──────── Material for this exercise ────────

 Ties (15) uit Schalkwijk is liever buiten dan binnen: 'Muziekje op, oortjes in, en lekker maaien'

────────
──────── Material for this exercise ────────

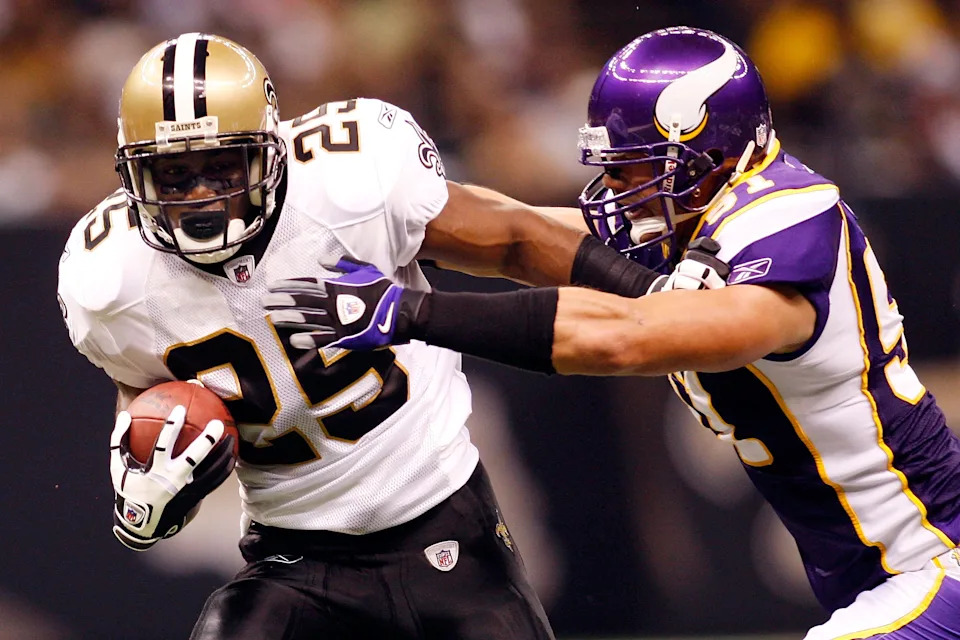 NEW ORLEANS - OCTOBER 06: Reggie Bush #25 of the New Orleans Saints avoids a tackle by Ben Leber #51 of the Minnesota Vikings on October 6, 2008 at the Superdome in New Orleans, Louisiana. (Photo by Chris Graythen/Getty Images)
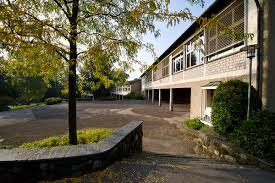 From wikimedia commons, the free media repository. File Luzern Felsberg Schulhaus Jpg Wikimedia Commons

────────

* **Task brief**
What you need to produce is an exact copy of the entries above, limited to the lines from the one with "NEW ORLEANS - OCTOBER" up to and including the one with "From wikimedia commons, the", without pictures.

* **Solution for this exercise**
 NEW ORLEANS - OCTOBER 06: Reggie Bush #25 of the New Orleans Saints avoids a tackle by Ben Leber #51 of the Minnesota Vikings on October 6, 2008 at the Superdome in New Orleans, Louisiana. (Photo by Chris Graythen/Getty Images)
 From wikimedia commons, the free media repository. File Luzern Felsberg Schulhaus Jpg Wikimedia Commons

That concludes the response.